A consecutive sample of patients presenting at a health maintenance organization laboratory for outpatient procedures was utilized. Plasma vitamin C concentrations were determined in 350 females and 144 males, aged 6 to 92 years (mean +/- SD: 46.7 +/- 18.7 years).


The mean plasma vitamin C concentration for all subjects was 32.4 +/- 13.6 mumol/L. Mean plasma vitamin C did not vary by sex, race, or fasted state.
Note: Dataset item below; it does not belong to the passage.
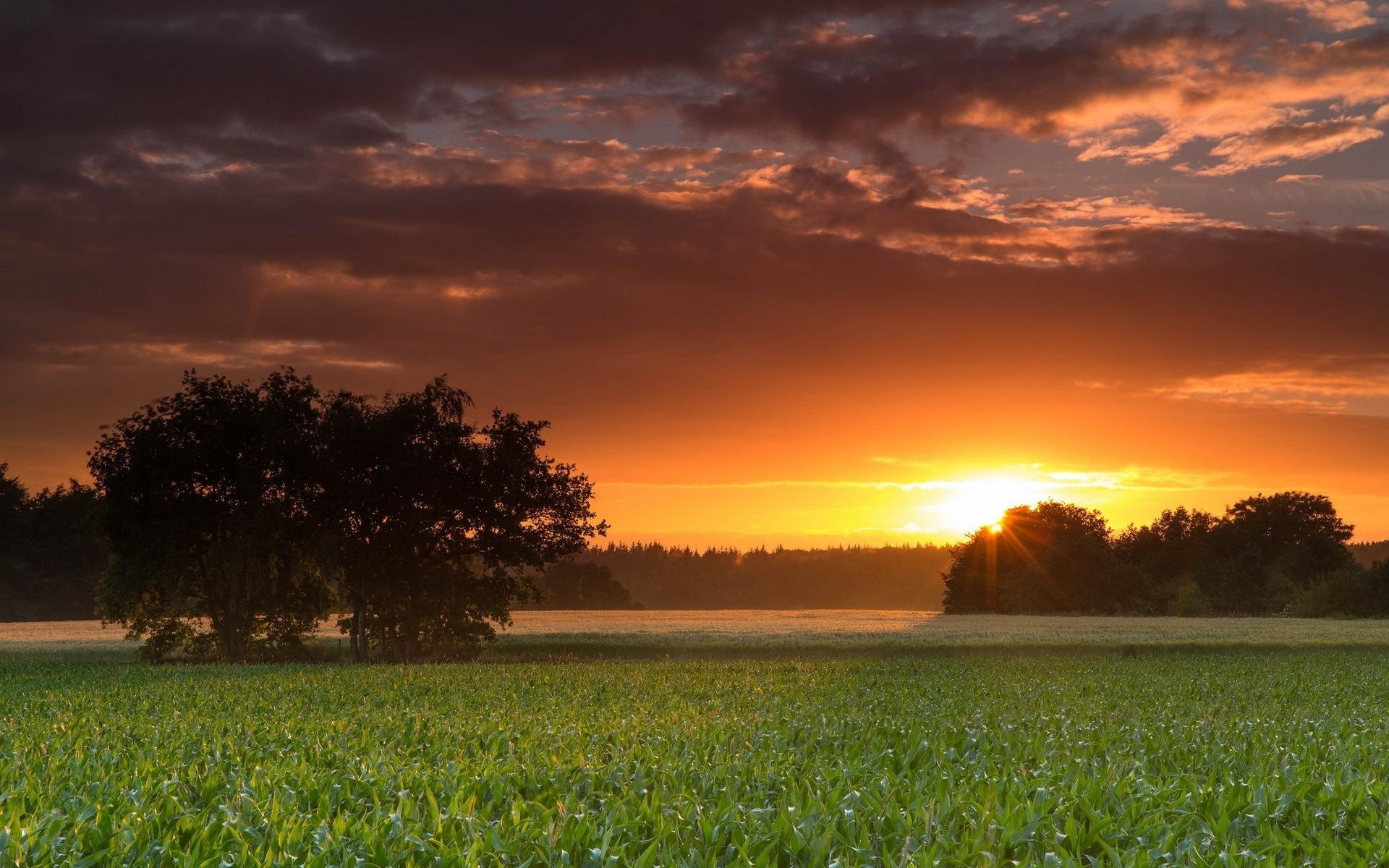 sunset, fields, clouds, sky, tree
Diabetics had a significantly lower mean plasma vitamin C concentration (25.6 +/- 10.8 mumol/L) compared to patients presenting for general check-up/gynecological exams (33.5 +/- 14.8 mumol/L) or pregnancy exams (32.4 +/- 9.7 mumol/L). Six percent of subjects had plasma vitamin C concentrations indicative of vitamin C deficiency (n = 31), and 30.4% of the sample were vitamin C depleted (n = 150). The prevalence of vitamin C deficiency or vitamin C depletion did not differ by race or visit category.


Surprisingly high rates of vitamin C deficiency and vitamin C depletion were evident among generally healthy, middle class patients visiting a health care facility for routine health exams, gynecological exams, and pregnancy exams.